Originally published on The Scribe Source blog on June 23, 2020.
Few aspects of grammar are as confusing as the comma. What does it do? Where does it go? As with most grammatical conundrums, The Chicago Manual of Style (CMOS) has all the answers. Let’s see what CMOS has to say about the ever-elusive subject of the comma.
What does the comma do?
According to CMOS, the comma signals a break in the structure of a sentence, a slight pause, or a logical tool used to clarify meaning. Depending on the context of the sentence, there are certain ways to use the comma to clarify and properly organize the sentence (CMOS 6.16).
Independent Clauses vs. Dependent Clauses
What are independent and dependent clauses, and how do commas interact with both?
Independent Clauses (CMOS 6.22–6.23)
CMOS states that independent clauses stand on their own and are joined by conjunctions such as and, but, so, yet, etc. Though the comma can be omitted if the clauses are short enough or closely connected to each other, typically commas are needed to separate two independent clauses. Consider:
He dialed her number, but she didn’t pick up. (The comma separates two independent clauses.)
Dependent Clauses (CMOS 6.24–6.25)
Dependent clauses do not stand on their own as complete sentences and instead need an independent clause to complete it. Dependent clauses that precede an independent clause require a comma. Consider:
Even if he dialed her number, (dependent clause, followed by a comma) there was no guarantee she would pick up. (independent clause)
If a dependent clause follows an independent clause, there is no need for a comma at all. This would occur if the dependent clause and the independent clause from earlier switched places.

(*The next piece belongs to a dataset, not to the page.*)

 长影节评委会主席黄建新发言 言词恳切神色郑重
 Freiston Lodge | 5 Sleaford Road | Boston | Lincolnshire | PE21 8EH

Consider:
There was no guarantee she would pick up (independent clause, no comma) even if he did dial her number. (dependent clause)
Intervening Clauses (CMOS 6.26)
Sometimes, if a sentence becomes complicated, a dependent clause will interrupt two other clauses. When the dependent clause appears between two clauses joined by a coordinating conjunction so that the conjunctions are next to each other, no comma is needed. Consider:
He walked to the market, but when he got there, the market was closed. (But and when are next to each other, so there is no need to separate them with a comma.)

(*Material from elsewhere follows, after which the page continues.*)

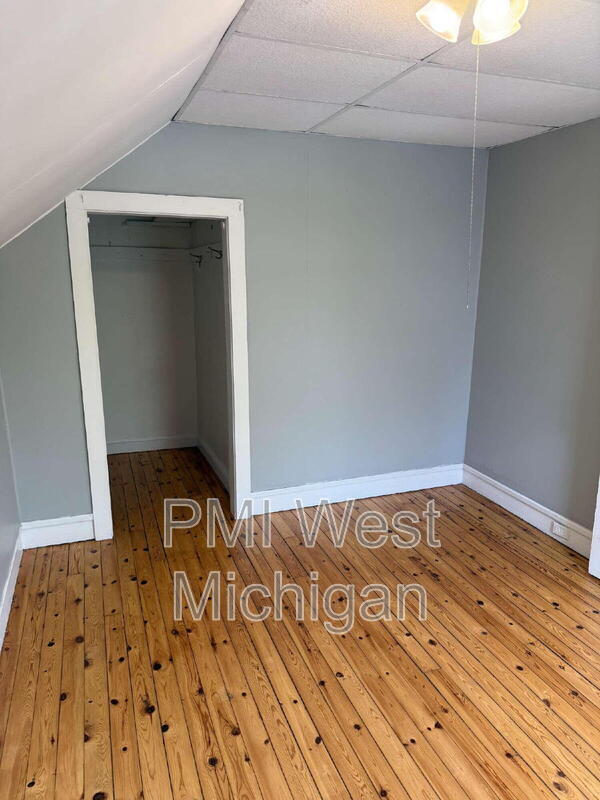 Building Photo - 946 Pine Ave NW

Serializations and the Oxford Comma (CMOS 6.19)
For a list or series of items in a sentence, a comma is typically used to differentiate between the items. In the case of three or more listed items, a comma (the Oxford comma) should be placed before the conjunction. Consider:
She shopped for fruit, vegetables, and meat.

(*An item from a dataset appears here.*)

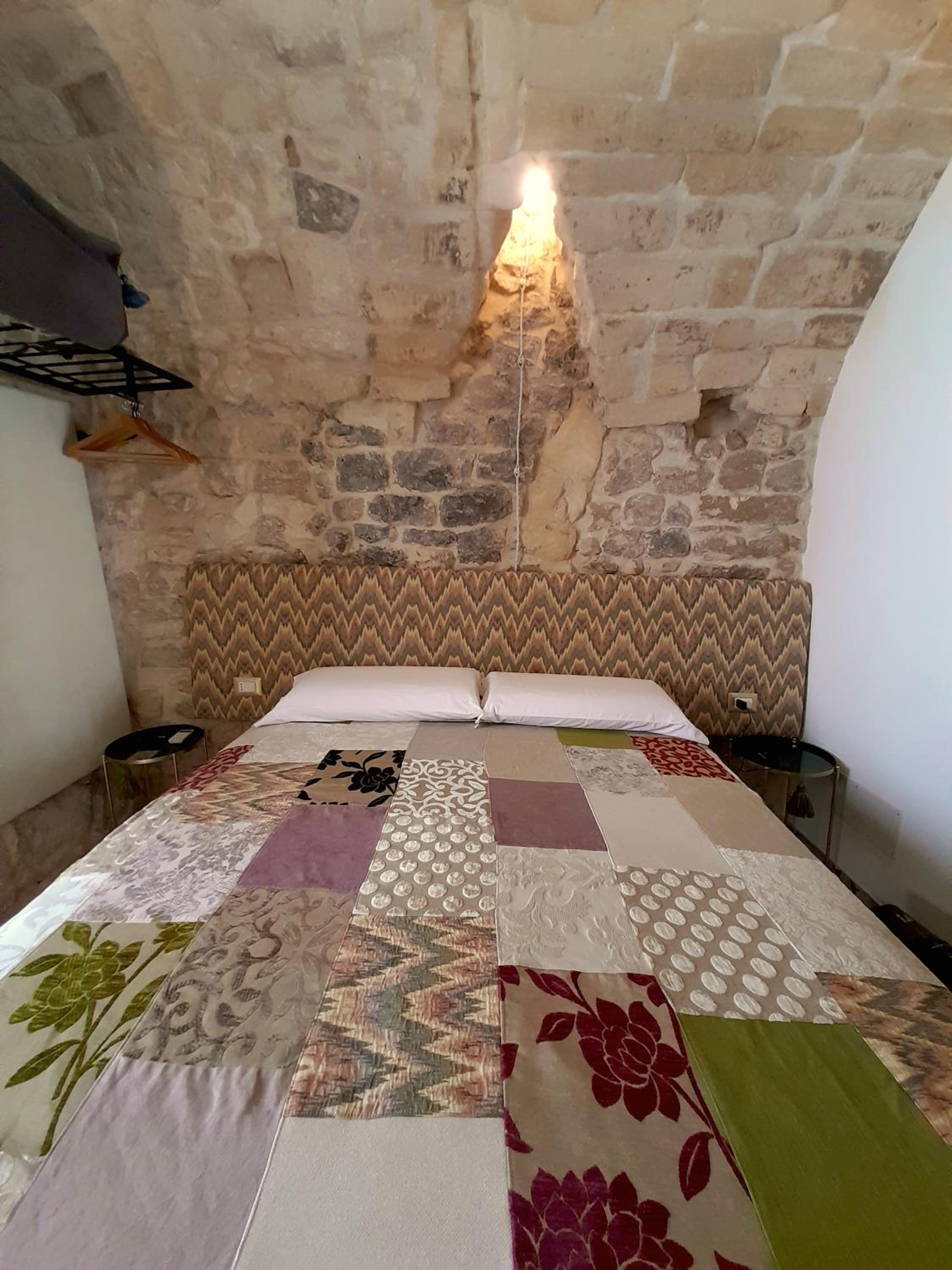 One-Bedroom House - Photo 9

Sometimes the sentence will continue after listing the objects. In this case, a comma is only added if the context of the sentence requires it. Consider:
She needed fruit, vegetables, and meat to prepare a fantastic dinner. (No comma is necessary after the list.)
Fruit, vegetables, and meat, all found in the local grocery store, were the ingredients for a fantastic dinner. (The comma separates an intervening phrase.)
Participial Phrases (CMOS 6.30)
If your sentence includes a participial phrase, such as an introductory phrase or one that appears in the middle of the sentence, the phrase should be separated from the rest of the sentence, using commas. Consider:
Excited for the play, he drove to the theater early to get good seats. (The comma appears after the introductory participial phrase.)
She bought her ticket for the play, giggling with excitement, and found her seat. (The comma separates the participial phrase in the middle of the sentence.)
If commas still feel daunting, CMOS recommends rephrasing your sentence to clarify the meaning. If you are haunted by the difficulty of a particular clause or sentence or worried about where to place the comma, if anywhere, you can always reword your problem sentence.
Comma usage doesn’t have to be hard or horrifying. As long as you are familiar with the rules and willing to try rewording a tough sentence, the comma will be your friend before you know it!